Directions:
Below are some records: retype them all exactly, but not the pictures.

*** Extracted material ***

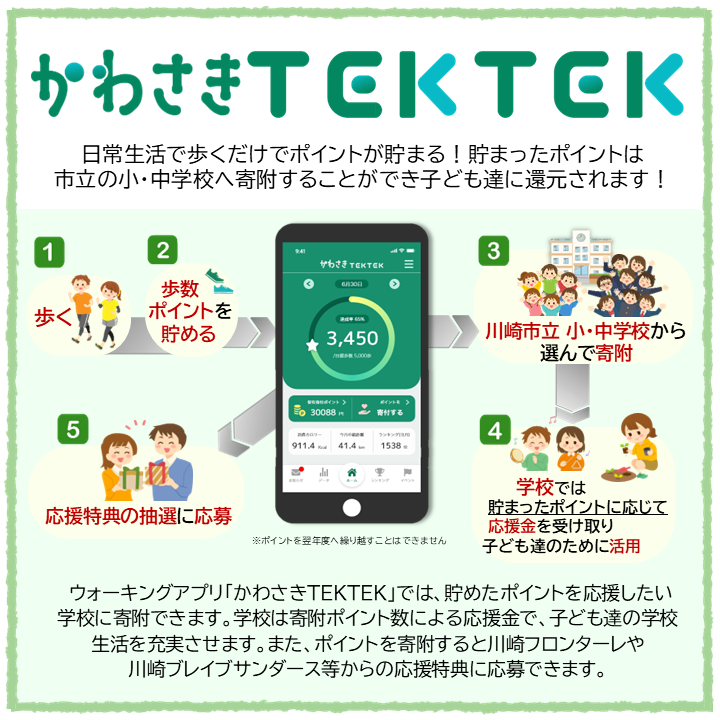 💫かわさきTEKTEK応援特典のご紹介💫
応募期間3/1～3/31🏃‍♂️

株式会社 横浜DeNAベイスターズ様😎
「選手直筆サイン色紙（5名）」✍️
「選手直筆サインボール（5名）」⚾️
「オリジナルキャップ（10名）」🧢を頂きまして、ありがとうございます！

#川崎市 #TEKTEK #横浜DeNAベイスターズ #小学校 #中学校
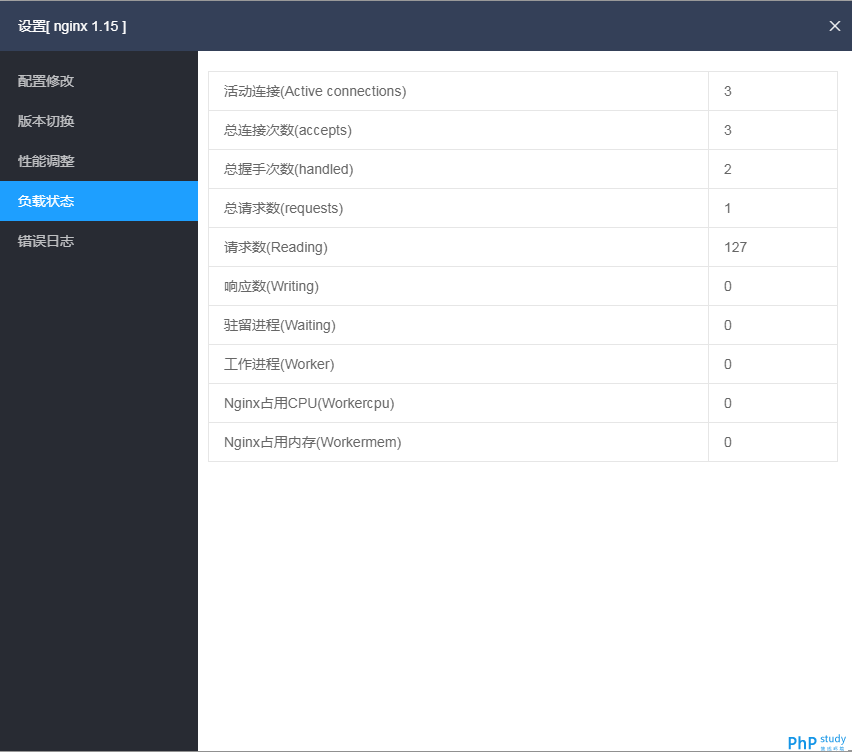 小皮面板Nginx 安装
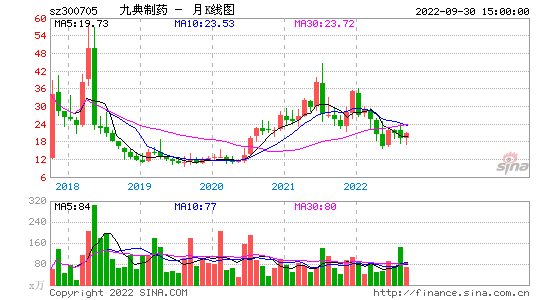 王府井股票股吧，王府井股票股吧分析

*** End of Extracted material ***

Reply:
 💫かわさきTEKTEK応援特典のご紹介💫
応募期間3/1～3/31🏃‍♂️

株式会社 横浜DeNAベイスターズ様😎
「選手直筆サイン色紙（5名）」✍️
「選手直筆サインボール（5名）」⚾️
「オリジナルキャップ（10名）」🧢を頂きまして、ありがとうございます！

#川崎市 #TEKTEK #横浜DeNAベイスターズ #小学校 #中学校
 小皮面板Nginx 安装
 王府井股票股吧，王府井股票股吧分析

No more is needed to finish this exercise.